DATA FROM OTHERS
Data collected by others can be premises.
One of the criteria for scientific rigor in data collection is that methods be reliable (making the same measurement of the same phenomenon yields the same result; Carmines and Zeller, 1979). For reliable measurements, who collects the data does not change the data themselves. Therefore, data rigorously collected by other researchers can also be used as premises for reasoned arguments.

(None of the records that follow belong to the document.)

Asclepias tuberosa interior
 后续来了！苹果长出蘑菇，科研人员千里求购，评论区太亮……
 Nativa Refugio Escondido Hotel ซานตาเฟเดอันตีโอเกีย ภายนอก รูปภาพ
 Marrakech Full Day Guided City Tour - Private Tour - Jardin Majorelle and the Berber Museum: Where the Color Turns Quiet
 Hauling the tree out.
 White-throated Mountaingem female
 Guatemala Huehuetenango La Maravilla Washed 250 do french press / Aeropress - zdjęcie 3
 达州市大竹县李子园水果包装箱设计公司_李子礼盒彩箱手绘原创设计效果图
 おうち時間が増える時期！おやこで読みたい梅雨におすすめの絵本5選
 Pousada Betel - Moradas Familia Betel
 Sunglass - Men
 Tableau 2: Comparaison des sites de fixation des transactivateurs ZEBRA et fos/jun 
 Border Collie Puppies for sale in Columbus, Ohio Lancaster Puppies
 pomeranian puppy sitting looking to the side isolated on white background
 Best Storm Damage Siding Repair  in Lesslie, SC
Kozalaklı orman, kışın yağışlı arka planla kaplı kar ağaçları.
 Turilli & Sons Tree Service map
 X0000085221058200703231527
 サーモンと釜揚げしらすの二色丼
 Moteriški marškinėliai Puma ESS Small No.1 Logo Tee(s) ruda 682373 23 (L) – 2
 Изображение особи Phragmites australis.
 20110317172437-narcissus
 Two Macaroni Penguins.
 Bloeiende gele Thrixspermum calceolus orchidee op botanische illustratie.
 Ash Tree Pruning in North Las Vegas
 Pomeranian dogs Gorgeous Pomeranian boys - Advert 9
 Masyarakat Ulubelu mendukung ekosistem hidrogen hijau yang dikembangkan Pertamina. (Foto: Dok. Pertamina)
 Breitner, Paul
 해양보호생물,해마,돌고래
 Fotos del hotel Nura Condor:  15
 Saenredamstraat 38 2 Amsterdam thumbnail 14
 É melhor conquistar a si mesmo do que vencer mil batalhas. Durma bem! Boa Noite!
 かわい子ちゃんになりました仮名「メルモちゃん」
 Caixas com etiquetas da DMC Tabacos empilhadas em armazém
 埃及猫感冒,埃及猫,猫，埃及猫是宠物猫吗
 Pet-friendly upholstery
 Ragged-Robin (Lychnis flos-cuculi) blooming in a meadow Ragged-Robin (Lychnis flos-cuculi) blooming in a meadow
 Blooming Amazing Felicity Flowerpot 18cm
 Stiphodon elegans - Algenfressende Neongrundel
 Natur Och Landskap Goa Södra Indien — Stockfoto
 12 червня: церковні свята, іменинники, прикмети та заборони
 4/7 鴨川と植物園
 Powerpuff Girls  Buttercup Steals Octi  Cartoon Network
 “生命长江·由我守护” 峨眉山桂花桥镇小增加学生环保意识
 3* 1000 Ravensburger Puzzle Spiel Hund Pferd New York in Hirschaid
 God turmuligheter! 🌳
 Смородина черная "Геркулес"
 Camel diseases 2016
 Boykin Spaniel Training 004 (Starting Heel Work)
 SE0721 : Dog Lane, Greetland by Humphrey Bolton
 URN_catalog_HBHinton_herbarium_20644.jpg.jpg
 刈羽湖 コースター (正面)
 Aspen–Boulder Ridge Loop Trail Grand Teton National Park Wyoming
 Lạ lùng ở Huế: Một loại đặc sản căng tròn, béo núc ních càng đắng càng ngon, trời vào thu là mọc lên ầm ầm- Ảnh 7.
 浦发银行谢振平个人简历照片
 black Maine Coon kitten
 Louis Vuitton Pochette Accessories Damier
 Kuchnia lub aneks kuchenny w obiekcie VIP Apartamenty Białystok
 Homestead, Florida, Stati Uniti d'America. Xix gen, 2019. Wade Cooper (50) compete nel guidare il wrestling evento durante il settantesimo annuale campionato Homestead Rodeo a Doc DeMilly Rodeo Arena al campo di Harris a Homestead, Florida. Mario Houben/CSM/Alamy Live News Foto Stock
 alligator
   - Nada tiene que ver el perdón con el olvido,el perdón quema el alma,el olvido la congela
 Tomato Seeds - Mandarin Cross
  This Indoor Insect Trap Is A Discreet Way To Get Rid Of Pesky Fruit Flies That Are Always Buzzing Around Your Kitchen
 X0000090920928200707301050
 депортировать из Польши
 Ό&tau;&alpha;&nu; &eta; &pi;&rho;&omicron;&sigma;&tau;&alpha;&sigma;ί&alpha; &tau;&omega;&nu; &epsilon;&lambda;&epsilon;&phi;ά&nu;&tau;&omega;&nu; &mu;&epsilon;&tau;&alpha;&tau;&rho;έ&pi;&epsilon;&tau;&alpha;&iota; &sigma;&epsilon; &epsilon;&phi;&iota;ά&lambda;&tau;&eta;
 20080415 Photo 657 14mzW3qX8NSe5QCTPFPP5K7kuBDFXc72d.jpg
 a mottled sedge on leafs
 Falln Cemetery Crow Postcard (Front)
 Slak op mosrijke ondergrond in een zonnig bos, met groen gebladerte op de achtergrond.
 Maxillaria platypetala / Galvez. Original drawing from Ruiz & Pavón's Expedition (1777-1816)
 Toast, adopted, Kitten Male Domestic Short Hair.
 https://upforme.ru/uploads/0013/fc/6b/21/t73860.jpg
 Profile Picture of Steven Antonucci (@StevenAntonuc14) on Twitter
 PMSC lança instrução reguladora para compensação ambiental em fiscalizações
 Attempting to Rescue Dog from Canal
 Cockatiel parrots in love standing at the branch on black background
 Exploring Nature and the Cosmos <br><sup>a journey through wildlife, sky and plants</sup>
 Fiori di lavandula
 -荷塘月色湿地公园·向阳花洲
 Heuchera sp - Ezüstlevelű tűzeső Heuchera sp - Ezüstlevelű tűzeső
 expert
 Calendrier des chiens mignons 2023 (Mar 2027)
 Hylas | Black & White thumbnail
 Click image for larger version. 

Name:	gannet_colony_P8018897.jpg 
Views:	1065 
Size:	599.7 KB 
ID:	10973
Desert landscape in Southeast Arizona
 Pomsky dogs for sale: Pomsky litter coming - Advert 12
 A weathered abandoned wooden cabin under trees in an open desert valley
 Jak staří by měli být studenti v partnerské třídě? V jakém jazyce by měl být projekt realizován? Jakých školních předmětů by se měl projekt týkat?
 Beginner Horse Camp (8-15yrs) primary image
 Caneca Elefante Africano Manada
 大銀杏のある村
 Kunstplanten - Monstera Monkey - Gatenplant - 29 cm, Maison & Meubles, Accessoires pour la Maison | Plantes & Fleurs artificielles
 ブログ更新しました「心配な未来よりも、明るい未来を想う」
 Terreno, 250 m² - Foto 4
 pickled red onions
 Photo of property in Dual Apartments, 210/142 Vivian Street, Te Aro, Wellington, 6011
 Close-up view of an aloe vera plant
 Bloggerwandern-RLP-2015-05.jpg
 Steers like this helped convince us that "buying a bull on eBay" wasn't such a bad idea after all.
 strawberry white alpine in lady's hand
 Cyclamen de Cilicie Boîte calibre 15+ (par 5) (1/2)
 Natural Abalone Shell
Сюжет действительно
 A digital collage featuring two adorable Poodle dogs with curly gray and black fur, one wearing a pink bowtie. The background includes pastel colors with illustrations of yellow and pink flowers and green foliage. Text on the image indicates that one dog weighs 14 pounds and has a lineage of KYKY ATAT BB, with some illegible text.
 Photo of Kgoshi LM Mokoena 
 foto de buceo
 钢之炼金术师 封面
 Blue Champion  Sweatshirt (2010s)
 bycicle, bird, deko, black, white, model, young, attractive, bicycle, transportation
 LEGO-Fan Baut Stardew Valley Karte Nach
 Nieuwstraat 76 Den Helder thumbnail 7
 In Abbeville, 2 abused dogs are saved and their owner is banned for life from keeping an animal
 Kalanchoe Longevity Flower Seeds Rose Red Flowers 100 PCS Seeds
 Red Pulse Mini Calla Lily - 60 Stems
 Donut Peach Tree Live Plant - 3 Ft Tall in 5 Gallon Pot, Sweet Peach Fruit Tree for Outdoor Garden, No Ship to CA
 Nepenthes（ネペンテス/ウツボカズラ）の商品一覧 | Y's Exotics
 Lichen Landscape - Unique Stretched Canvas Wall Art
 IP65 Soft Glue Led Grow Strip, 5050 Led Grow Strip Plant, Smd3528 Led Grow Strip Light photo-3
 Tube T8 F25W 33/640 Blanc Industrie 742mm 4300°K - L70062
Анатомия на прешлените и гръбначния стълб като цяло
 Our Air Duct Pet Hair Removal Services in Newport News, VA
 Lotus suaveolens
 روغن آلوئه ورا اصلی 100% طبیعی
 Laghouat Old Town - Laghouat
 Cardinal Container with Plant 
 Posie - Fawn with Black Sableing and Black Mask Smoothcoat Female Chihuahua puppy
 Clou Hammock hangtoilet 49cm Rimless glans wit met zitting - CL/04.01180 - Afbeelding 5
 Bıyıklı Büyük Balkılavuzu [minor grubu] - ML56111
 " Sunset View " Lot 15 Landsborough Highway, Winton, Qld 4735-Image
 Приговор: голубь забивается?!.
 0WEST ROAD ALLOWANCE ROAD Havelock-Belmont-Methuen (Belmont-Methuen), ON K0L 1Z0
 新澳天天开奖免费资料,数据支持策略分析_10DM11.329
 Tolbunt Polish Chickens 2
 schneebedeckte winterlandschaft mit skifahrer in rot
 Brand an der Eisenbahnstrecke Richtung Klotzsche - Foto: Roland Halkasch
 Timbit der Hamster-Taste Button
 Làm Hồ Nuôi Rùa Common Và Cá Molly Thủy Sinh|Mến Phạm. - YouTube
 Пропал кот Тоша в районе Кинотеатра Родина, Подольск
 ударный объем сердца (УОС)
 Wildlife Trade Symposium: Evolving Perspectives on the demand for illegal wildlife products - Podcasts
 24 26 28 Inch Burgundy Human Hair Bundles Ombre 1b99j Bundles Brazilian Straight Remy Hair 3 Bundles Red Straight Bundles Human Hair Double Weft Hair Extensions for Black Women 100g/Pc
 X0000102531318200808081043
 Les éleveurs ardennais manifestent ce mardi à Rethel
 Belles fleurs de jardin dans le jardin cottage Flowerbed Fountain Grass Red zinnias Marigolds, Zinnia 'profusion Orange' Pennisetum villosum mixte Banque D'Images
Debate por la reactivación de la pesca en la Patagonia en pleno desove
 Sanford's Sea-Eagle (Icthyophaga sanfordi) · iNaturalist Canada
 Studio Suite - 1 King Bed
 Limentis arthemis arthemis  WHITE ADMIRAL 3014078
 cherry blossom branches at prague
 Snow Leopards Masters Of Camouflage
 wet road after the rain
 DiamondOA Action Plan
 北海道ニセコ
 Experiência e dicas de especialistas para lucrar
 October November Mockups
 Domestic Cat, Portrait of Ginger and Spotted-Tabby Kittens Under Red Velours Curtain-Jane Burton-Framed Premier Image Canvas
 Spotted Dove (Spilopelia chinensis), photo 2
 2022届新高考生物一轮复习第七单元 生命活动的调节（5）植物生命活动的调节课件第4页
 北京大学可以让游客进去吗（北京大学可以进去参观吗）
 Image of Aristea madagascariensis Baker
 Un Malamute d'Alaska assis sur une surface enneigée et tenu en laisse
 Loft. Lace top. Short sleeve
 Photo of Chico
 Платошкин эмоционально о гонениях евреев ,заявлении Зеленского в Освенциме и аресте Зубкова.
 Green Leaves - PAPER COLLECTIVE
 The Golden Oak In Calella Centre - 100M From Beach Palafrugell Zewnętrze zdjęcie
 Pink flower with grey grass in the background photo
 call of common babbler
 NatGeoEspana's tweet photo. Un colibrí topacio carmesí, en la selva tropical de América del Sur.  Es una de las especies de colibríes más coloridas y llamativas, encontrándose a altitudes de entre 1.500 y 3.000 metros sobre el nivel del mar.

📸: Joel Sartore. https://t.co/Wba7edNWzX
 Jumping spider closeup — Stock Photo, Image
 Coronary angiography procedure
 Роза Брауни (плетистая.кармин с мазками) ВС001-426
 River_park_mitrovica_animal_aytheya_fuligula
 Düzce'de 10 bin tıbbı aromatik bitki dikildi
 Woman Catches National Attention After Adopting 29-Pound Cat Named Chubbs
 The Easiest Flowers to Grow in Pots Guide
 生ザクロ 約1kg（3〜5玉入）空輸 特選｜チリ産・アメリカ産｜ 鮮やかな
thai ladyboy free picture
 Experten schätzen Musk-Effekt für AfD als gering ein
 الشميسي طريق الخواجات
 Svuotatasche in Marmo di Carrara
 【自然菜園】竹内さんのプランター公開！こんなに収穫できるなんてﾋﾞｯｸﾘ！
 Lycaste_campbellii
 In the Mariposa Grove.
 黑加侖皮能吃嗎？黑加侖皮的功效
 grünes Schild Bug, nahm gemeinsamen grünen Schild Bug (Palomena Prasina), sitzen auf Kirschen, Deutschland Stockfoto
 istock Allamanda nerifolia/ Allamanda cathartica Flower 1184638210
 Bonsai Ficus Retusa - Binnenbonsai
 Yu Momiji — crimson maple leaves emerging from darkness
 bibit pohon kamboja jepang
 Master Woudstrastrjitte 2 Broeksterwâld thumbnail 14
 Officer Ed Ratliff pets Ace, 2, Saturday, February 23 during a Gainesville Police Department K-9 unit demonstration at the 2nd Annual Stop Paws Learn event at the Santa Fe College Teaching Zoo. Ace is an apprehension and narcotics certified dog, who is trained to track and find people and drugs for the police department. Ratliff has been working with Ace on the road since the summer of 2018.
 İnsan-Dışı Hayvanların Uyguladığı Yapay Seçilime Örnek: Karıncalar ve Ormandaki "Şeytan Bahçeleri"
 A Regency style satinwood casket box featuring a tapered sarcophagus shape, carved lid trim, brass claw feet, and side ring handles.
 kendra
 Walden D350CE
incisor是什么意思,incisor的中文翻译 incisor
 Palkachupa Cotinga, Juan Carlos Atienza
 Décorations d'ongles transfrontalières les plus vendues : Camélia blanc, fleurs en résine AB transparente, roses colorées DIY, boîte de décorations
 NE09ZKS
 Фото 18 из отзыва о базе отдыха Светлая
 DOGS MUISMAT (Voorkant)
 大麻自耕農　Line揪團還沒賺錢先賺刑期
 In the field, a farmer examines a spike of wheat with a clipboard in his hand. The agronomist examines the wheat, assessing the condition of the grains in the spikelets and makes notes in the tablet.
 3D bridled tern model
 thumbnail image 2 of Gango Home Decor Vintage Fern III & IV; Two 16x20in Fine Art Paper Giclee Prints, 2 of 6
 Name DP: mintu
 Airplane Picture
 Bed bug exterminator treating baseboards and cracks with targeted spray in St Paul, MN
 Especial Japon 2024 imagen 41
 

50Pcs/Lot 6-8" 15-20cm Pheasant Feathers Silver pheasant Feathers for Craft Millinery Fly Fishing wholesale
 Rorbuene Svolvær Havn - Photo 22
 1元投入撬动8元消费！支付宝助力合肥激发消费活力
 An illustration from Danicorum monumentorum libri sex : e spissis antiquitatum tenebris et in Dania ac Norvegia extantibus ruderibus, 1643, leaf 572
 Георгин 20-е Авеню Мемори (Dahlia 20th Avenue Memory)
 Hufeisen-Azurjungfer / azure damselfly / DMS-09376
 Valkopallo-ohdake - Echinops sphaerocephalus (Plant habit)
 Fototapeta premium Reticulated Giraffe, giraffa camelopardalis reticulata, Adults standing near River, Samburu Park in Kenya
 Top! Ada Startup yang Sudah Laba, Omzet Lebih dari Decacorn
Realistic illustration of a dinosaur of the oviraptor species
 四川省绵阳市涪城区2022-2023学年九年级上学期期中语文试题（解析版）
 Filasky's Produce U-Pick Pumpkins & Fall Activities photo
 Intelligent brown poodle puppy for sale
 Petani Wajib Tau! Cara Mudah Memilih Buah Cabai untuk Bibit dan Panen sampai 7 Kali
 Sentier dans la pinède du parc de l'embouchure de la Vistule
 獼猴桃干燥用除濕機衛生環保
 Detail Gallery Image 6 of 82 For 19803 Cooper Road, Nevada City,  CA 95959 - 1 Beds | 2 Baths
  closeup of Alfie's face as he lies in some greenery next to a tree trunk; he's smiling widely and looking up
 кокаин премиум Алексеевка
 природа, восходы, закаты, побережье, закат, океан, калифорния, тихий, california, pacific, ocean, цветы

For example:
PREMISE: Our measurements of sprinting speed supports the hypothesis that caffeine increases sprint performance.
PREMISE: Moderate doses of caffeine can also increase performance during endurance tasks (Southward et al., 2018).
CONCLUSION: Therefore, data from sprint and endurance performance both support the general hypothesis that moderate doses of caffeine increase motor performance.
The second premise in the argument references a conclusion reasonably derived from data published in a previous study (Southward et al., 2018).
Published scientific studies differ in quality and the strength of their conclusions (Ebell et al., 2004). Researchers invest years in training and work experience to be able to critically evaluate the quality of scientific publications. However, some basic criteria for determining whether a published study is acceptable for supporting a premise are
1) Your premise accurately reflects the data or conclusions of the study.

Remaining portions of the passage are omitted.